The Folly of Naxo

The Naxo NX21 AT binding is not a bad product. It’s a touring binding that’s stout enough for resort use, and which has a touring mode so well designed that it makes skinning in alpine boots bearable. This is the binding, mounted on last year’s BH District:

One of the marketing points for Naxo bindings is that the mount floats on rails, without any fixed points to the ski, which would affect flex. This is not particularly important, given that added stiffness underfoot is rarely a bad thing. Well, it wouldn’t be a bad thing if it didn’t open up the binding to torsional flexion.
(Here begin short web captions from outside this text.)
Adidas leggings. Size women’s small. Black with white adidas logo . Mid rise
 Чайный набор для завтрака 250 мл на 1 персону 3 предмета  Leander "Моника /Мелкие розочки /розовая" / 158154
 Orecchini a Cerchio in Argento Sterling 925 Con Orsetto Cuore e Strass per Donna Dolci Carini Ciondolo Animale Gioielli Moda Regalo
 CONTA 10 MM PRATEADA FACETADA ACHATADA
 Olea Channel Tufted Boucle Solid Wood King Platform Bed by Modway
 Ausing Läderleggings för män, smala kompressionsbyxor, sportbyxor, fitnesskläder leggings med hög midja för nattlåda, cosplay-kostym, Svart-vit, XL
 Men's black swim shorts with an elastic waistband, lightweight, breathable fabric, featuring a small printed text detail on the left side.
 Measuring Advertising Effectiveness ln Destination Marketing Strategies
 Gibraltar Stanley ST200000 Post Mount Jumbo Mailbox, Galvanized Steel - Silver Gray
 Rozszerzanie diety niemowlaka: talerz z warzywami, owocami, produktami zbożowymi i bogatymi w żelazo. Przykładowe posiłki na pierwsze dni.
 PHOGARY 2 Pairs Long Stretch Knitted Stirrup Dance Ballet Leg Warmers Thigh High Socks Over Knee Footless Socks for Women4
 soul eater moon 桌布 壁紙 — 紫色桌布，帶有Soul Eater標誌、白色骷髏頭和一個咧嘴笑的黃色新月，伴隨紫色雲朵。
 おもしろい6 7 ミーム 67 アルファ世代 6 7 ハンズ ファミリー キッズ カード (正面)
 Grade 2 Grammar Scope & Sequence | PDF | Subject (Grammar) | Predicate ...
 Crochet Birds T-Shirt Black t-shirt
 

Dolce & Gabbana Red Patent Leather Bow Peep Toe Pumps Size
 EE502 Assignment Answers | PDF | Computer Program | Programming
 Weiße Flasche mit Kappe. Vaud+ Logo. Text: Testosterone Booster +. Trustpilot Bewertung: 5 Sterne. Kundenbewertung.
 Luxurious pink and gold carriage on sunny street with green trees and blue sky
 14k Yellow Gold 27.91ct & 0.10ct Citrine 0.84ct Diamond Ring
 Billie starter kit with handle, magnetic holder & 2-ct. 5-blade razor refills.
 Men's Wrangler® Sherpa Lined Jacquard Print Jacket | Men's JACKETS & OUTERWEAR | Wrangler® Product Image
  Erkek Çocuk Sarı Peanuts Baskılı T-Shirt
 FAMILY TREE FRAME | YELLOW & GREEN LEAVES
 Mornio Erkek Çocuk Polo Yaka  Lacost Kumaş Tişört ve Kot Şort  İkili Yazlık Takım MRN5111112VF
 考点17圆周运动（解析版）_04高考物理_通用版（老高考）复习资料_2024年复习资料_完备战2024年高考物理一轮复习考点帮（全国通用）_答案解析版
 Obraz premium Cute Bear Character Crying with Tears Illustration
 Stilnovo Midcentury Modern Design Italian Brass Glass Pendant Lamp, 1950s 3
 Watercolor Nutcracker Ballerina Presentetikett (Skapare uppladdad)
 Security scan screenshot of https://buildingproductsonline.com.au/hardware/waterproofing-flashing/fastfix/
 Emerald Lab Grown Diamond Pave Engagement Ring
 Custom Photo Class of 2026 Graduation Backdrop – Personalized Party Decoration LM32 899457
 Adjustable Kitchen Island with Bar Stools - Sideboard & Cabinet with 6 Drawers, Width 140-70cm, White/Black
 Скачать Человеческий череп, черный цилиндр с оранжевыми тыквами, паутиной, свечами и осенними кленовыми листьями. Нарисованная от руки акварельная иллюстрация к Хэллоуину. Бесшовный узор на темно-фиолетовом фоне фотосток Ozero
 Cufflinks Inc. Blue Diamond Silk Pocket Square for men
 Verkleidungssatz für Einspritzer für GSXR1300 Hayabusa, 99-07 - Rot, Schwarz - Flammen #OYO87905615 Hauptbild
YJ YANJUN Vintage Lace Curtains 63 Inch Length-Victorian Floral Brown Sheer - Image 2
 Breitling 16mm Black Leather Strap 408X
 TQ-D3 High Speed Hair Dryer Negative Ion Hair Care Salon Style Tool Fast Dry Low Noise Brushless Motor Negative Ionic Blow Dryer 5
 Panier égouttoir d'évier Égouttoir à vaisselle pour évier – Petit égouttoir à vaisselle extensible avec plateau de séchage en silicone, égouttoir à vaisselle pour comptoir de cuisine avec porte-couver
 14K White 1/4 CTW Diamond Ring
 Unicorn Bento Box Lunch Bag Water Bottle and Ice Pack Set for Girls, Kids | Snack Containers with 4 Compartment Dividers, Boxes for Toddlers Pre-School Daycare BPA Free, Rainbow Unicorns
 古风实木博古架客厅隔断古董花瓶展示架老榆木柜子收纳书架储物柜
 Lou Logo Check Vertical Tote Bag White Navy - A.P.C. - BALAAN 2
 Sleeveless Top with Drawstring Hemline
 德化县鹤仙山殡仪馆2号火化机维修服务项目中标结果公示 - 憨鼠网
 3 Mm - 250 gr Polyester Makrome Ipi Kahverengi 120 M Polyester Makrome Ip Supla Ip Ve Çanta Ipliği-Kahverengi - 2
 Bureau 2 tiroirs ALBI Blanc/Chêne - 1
Observe: The toe piece, ski unflexed.

Note the section under the AFD (at the toe) coming off the ski as the ski is flexed.

The heel piece:
And the same phenomenon:
It’s extremely difficult to show in photos (especially taken solo), but the construction of the binding (two longitudinal rails connecting the toe and heel) lends it to extremely easy twist. That means that no matter how stiff your boots are, the introduction of flex to the ski (as occurs in ordinary skiing) results in substantial rotational flex in the binding, resulting in a very sloppy feel. I noticed something during last season, but considered that maybe it was in my head. I have now proven to myself that it is real.

The new Districts (stiffer than last year, with an added layer of metal) that I have will be mounted up with Marker Dukes, which by several accounts are even more laterally rigid than alpine bindings, and have a substantially lower stack height than either the Naxo or the Fritschi. That should be complete before long, and I’ll be back with a similar subjective test.